Exercise instructions>
The answer is a stretch of the material below, returned exactly: the line containing "Obraz premium Close-up", the line containing "Pokemon TCG Mew", and all lines between.

Records provided>
···
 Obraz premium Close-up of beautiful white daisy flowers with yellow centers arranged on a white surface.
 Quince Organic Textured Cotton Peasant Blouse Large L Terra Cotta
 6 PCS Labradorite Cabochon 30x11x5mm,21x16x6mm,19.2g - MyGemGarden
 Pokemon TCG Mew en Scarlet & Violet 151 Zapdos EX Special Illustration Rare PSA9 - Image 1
···
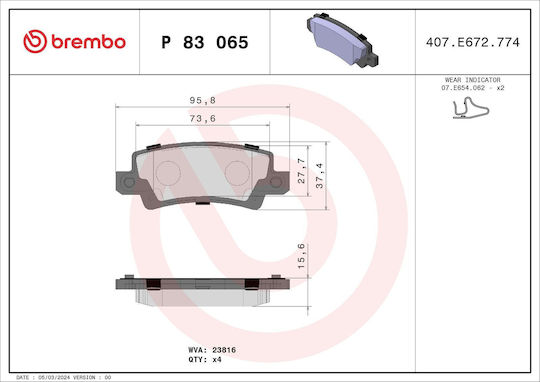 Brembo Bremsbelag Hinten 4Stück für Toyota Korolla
···
Output of the exercise>
 Obraz premium Close-up of beautiful white daisy flowers with yellow centers arranged on a white surface.
 Quince Organic Textured Cotton Peasant Blouse Large L Terra Cotta
 6 PCS Labradorite Cabochon 30x11x5mm,21x16x6mm,19.2g - MyGemGarden
 Pokemon TCG Mew en Scarlet & Violet 151 Zapdos EX Special Illustration Rare PSA9 - Image 1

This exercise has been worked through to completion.